A top broker has warned that diversifying for the wrong reasons can leave brokers as mistrusted as dodgy cars salesmen.
Mario Borg, director of Master Brokers Group, said despite the diversification hype, brokers need to approach the issue with caution.
“The whole thing about diversification is bandied around a fair bit - that it’s the best way to increase your revenue. It’s all about revenue, revenue, revenue,” said Borg.
“But at the end of the day, if you specialise at what you’re good at, I find that clients do respect that and do value the fact that you’re not trying to be all things to all people.”
Diversification can work and can bring in more profits, said Borg, but only if it is done in a way where the clients’ needs are top priority.
If brokers allow themselves to be distracted by revenue possibilities, they run the risk of losing client trust, he said.
“If you’re coming at it from a selling angle, if your priorities are around how many dollars you can squeeze out in terms wallet-share for each client, you might get away with it for a while, but most people aren’t silly. They can see if someone is being genuine versus somebody that’s all about trying to make a dollar.”
NCCP requirements have made it easier for brokers to have conversations with clients around risk, insurance, and broader financial requirements, said Borg, but that doesn’t mean brokers should try and sell these things to every client.
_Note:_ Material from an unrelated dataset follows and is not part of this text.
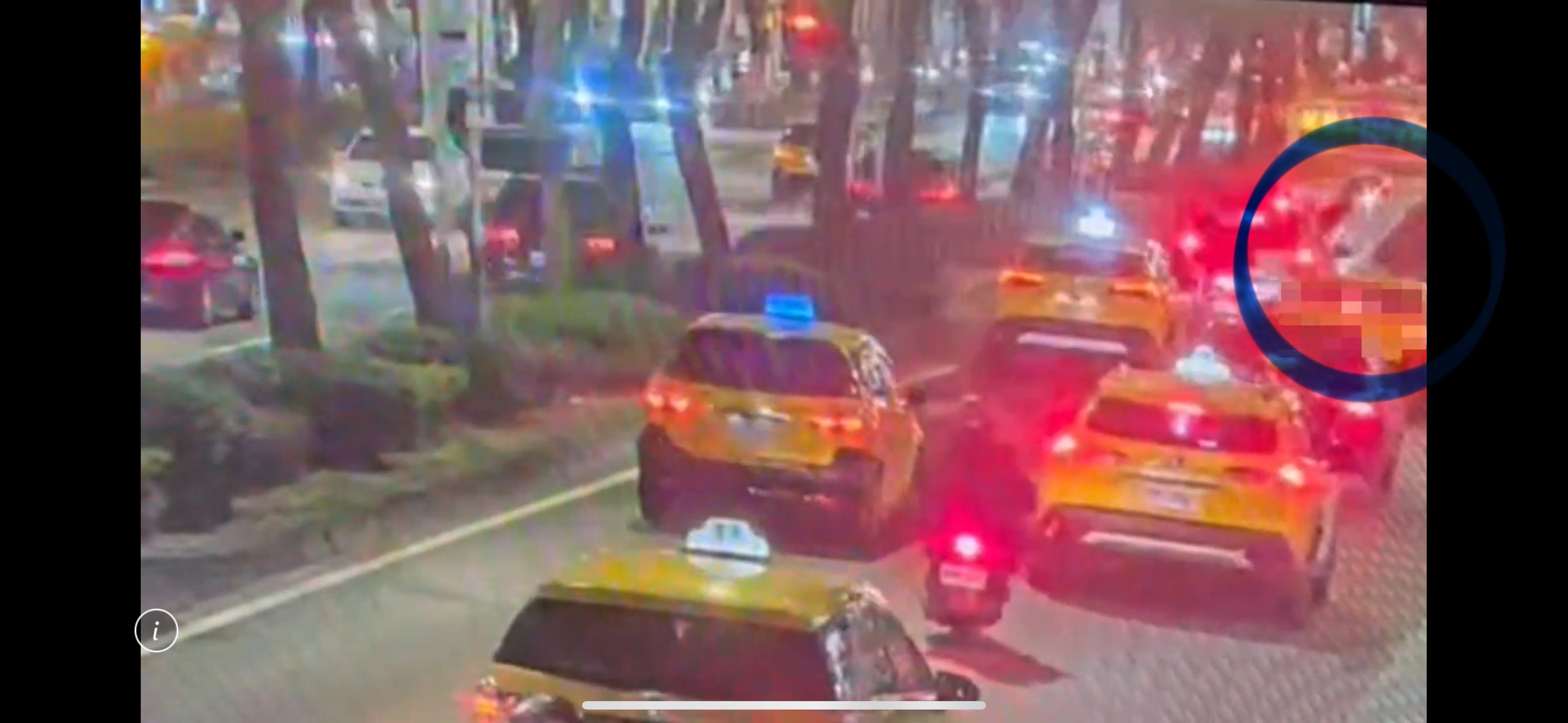 張嘉玲搭乘的車輛今晚因追撞前車而側翻。（翻攝畫面）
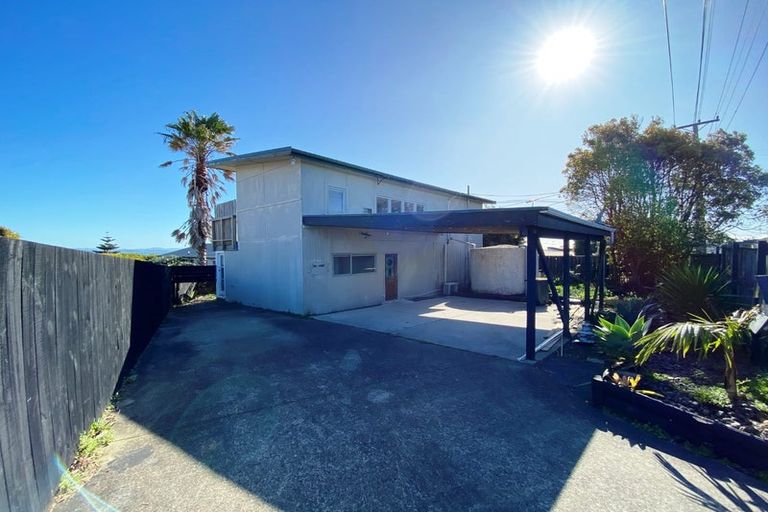 Photo of property in 1412 Whangaparaoa Road, Army Bay, Whangaparaoa, 0930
“If you’re looking at someone’s statement of financial position and you see a genuine need, you do need to talk to them about this. The next step then is deciding who is the best person to assist with that.”
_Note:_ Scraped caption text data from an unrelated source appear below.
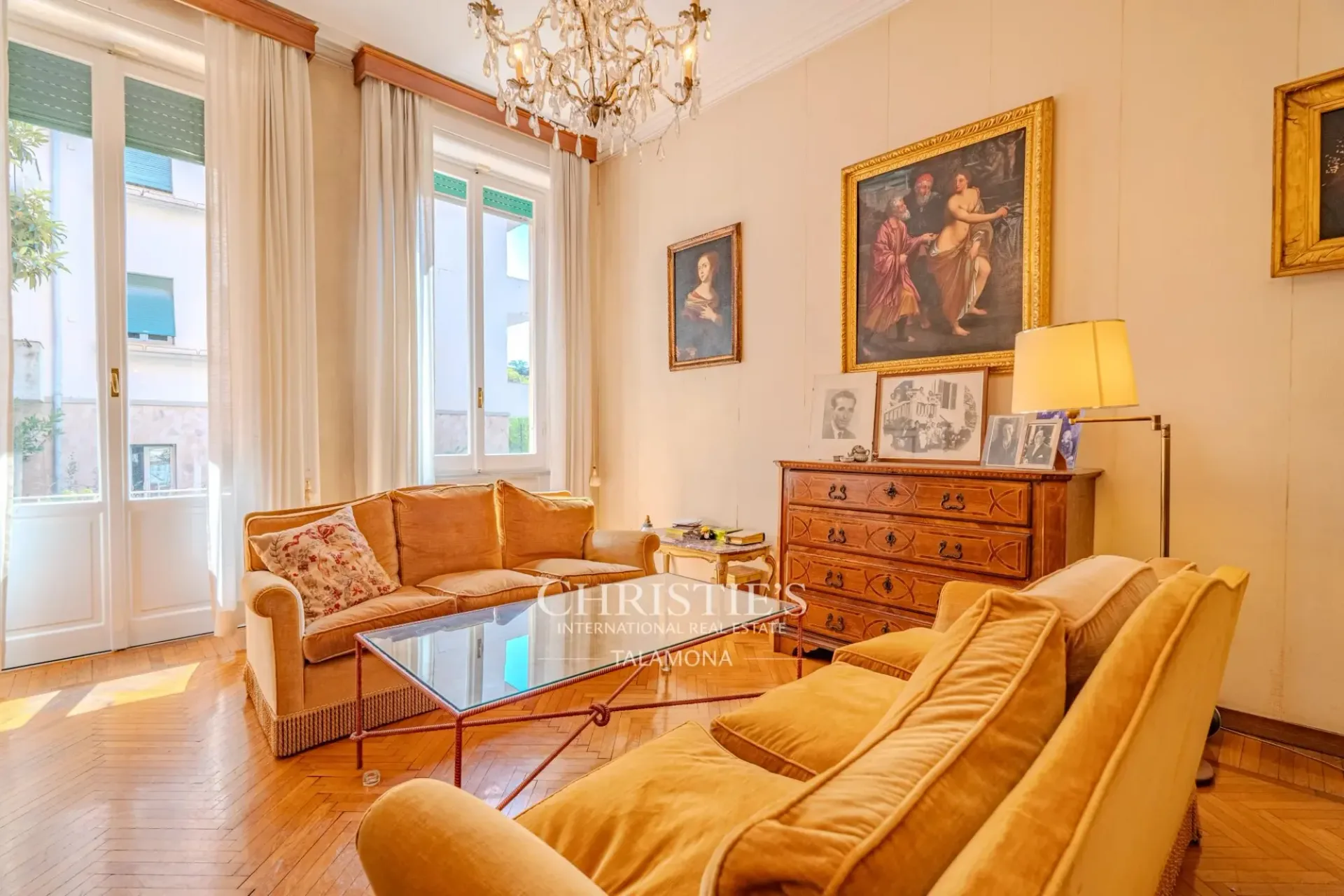 Genua Albaro: elegante Wohnung mit privatem Garten und Terrasse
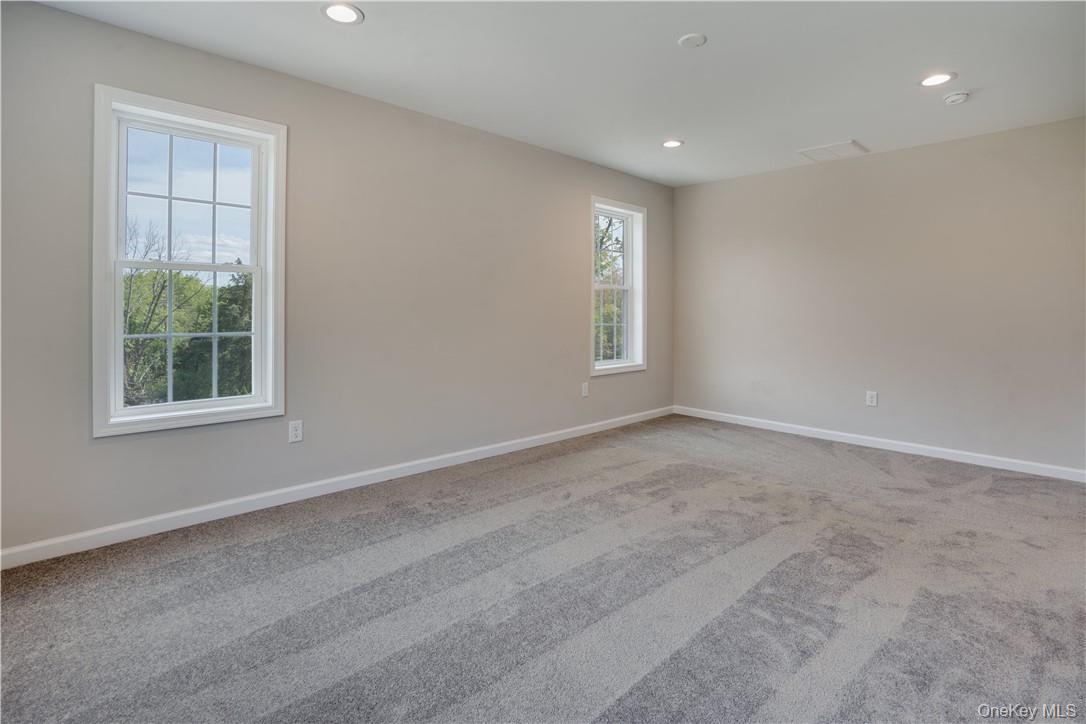 10 Red Oaks Mill Road – For Sale photo 12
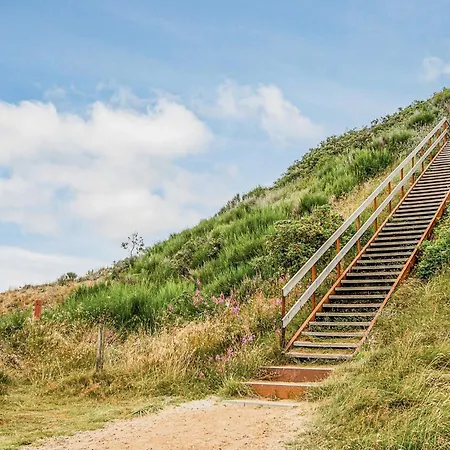 5 Person In Henne-by Traum *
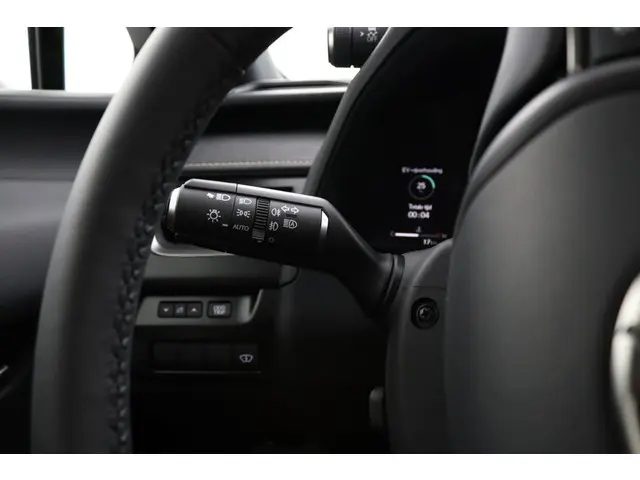 Lexus UX 300h Luxury Line 2024 Hybride Benzine 28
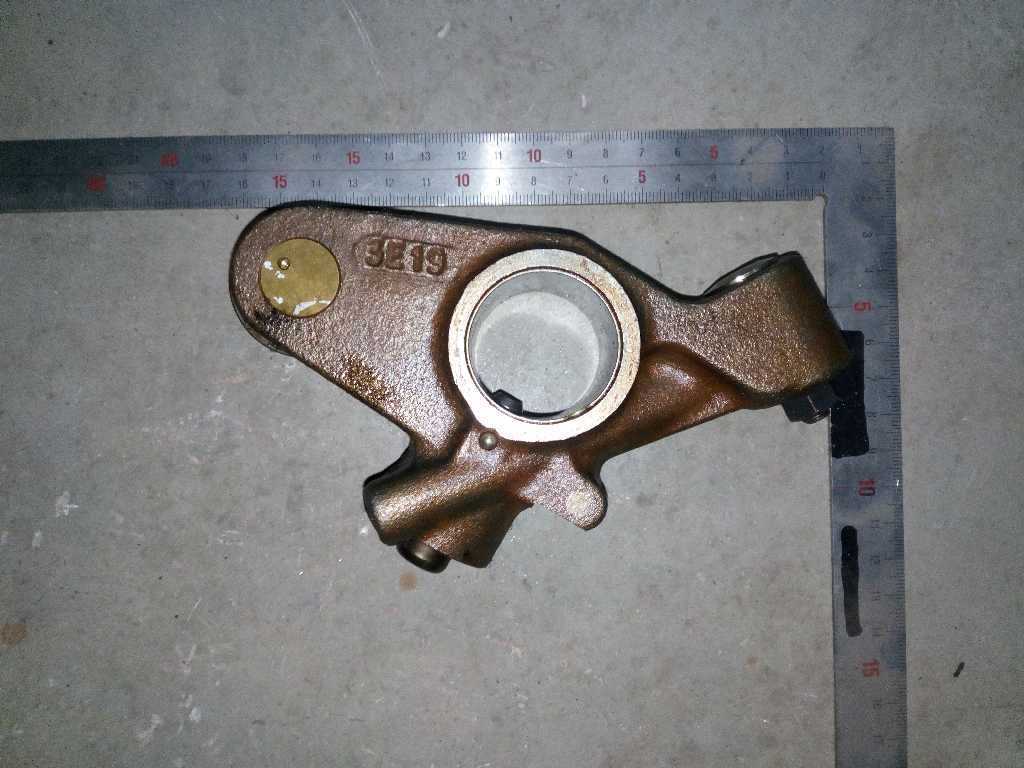 коромысло моторного тормоза CUM 15 б/у - 1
More often than not, said Borg, that means a referral. Trying to offer a range of financial solutions in-house, while great in theory, is “virtually impossible” in practice, he said.
“If you’ve got para planners and administration support it makes it easier, but to try and do it all yourself? I don’t see how you can do it well. Paperwork in mortgage broking has increased significantly with NCCP, let alone dealing with everything else.”
“If you went out to buy a car and you walk away having spent two grand more than you need to because someone told you you needed to have tinted windows and a bigger boot or whatever, do you think you’re going to go away and recommend him to your friends?”